His former boss, one of the most influential voices in Stein’s life, knew the trajectory he was on back when they first met. Stein started as a quality control analyst at Texas in 2015, the same year Jeff Traylor was hired to coach special teams and tight ends for the Longhorns. It was then that Traylor knew two things: He was going to find a way to hire Stein to his staff when he became a head coach. And Stein wouldn’t be in one place long.

“We cried like babies,” said Traylor, the UTSA head coach. “We’re kindred spirits. Now I’m not saying I’m the savant Will Stein is. I just told him he had to go.”

Now look at him. At 35, Stein is considered one of the game’s premier play callers, the offensive maestro of the only remaining unbeaten team and the No. 1 seed in this year’s College Football Playoff. The Ducks start their march toward a national title on New Year’s Day against No. 8-seeded Ohio State at the Rose Bowl. Sooner than later, his name will emerge as the primary target for a notable program, as it did with his predecessor, Arizona State head coach Kenny Dillingham.

At the moment, the Oregon Ducks are soaring, thanks in part to the mind of their fearless coordinator, who friends and former players say is never afraid of the limelight of the big moment. It’s quite the opposite, actually. Stein’s rolodex of play calls is so deep that the more stressful the situation, the easier it is for him to scheme for. Oregon head coach Dan Lanning said Stein’s adaptability and lack of ego are among Stein’s indispensable traits: “We’ve got a great offensive staff around him that he pulls a lot of ideas from. I think he works really well with other people.”

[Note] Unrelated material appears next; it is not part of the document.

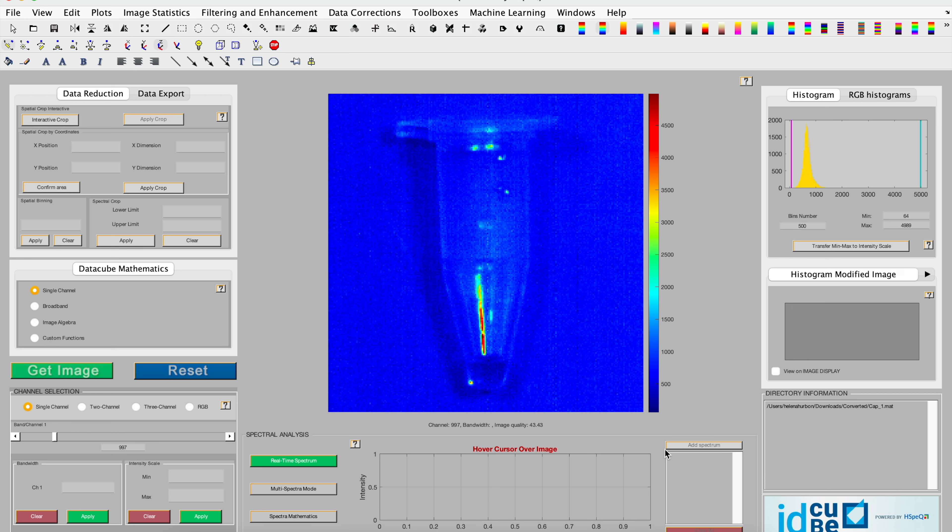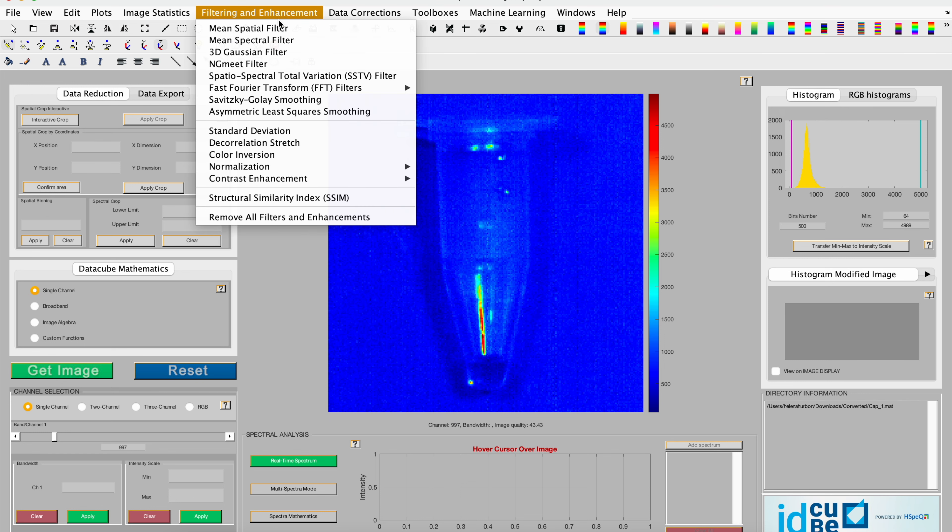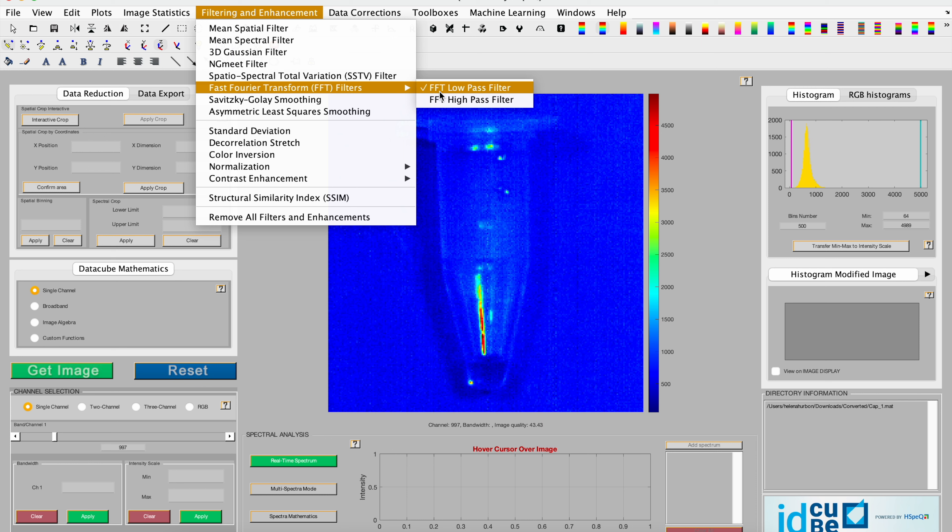To start, you'll want to load the file, and then go to filtering and enhancement, go to the fast Fourier transform or FFT filters, and select the low-pass filter.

That’s the consensus. But it starts with Stein.

“He’s got a great big football brain,” said Hank Carter, head coach at Lake Travis High School in Austin, Texas, who hired Stein to be his offensive coordinator in 2018.

That aptitude has been shaped by life as an undersized quarterback who walked on at his hometown university, Louisville, in 2009 and became the team’s starter in 2011 only to see an injury sideline him and a talented quarterback named Teddy Bridgewater take his place. His Louisville player bio started with: “heady quarterback.” As his playing days dwindled, he realized he had the schematic knowledge to coach.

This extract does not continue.